At the Trieste Summit you promoted further regional integration. How ready are the countries in the region to do just that considering relatively frequent disputes between the CEFTA countries, and between the CEFTA countries and Croatia?

Regional integration is very important for the Western Balkans region and important steps have been taken in the transport and energy infrastructure. Most of the focus of the past 15 years has been to support north-south integration. We are now seeing increased interest in east-west integration. For example, Serbia, Montenegro and Albania can all take advantage of better connected power grids. Serbia could benefit from better access to Adriatic ports as well. Serbia’s CEFTA membership has been also very welcome. CEFTA, as earlier in the case of CEE countries, has played a significant role in facilitating cross-border trade by establishing a comprehensive free trade agreement in the Western Balkans region and replacing 32 bilateral agreements that were not mutually consistent. It also provides full liberalisation for virtually all manufacturing goods and most agricultural goods. It has also addressed the elimination of non-tariff barriers to trade between the signatory countries, the protection of intellectual property rights in accordance with international standards and the harmonisation of provisions on modern trade policy issues such as competition rules and state aid.

Serbia has been recording quite good results in terms of reducing unemployment, but, salary wise, workers in Serbia are way below their peers from CE countries. How can we bridge this gap?

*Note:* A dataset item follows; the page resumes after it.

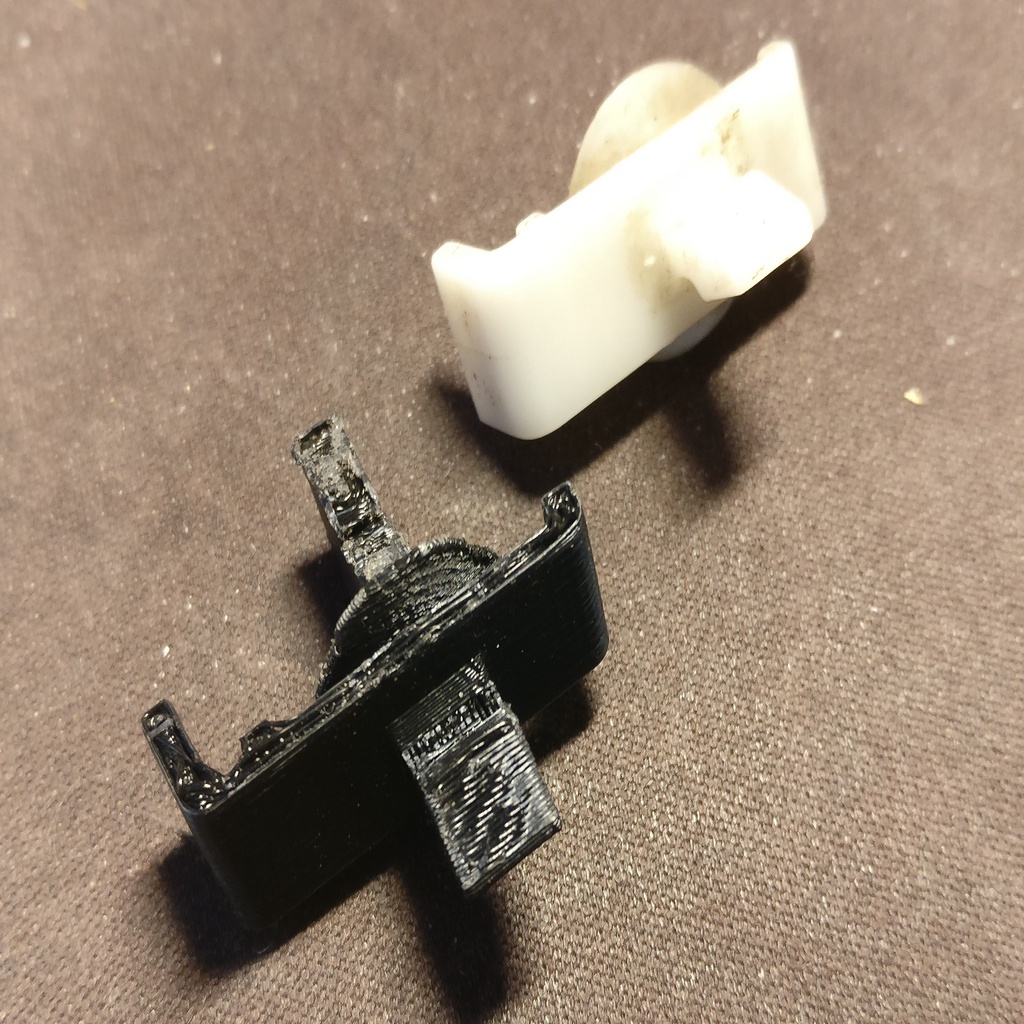 Зажим панели двери Mercedes Benz C124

In short, by raising productivity. Serbia’s productivity (value added per worker) is about one fifth of the EU average so, until this changes, Serbian producers can mainly compete with EU peers because wages are also lower. In the long run of course wages should converge to EU levels but in line with improvements in productivity. This is not a simple task and will take time. But productivity is to be improved by making the country more business-friendly, and Serbia will be able to attract investors who can bring cutting-edge technologies, innovation and training of workers. The government can take action which will make the economy more business friendly and IFIs are supporting their efforts. The EBRD’s own Investment Climate and Governance Initiative aims at some of these. For example, we are supporting the Ministry of Public Administration to carry out reforms of the inspections regime. We are helping the Ministry of Justice to introduce and strengthen alternative dispute resolution. We are assisting in improving the governance of state-owned enterprises. Meanwhile, our Advice for Small Business team is helping SMEs to become better-managed and more successful in the market. Perhaps most importantly, we are ready to team up with investors who can bring new technologies and new ways of doing business to Serbia. All these can contribute to more successful, more productive companies that can pay higher wages.

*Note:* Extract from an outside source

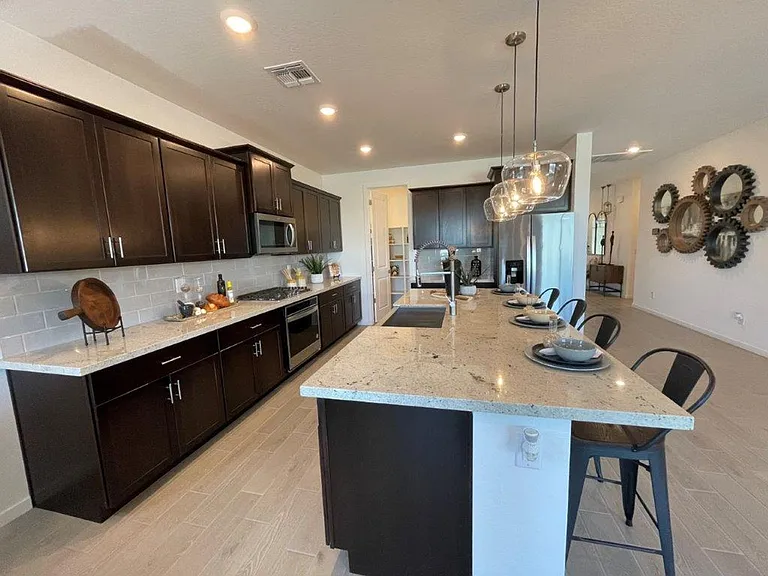 5632 W Walatowa St — Photo 5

EBRD has been focusing on boosting competitiveness in public utility companies. Do you think that the management in these companies has enough will and readiness to improve their companies’ operations?

We do work with our partners to help improve governance in both private and public companies. In the public sector, we currently have significant support initiatives under way at the Deposit Insurance Agency, EPS, GSP and Komercijalna Banka. Each case is different but we generally see willingness to address governance and operational concerns. These are publicly owned utilities and there are social and political issues which emerged. Therefore, it is important to keep full support of the shareholder (that is, the state) and to maintain an open and transparent dialogue with Serbian citizens – they should understand that some short-term pain should bring long-term gains for the entire economy.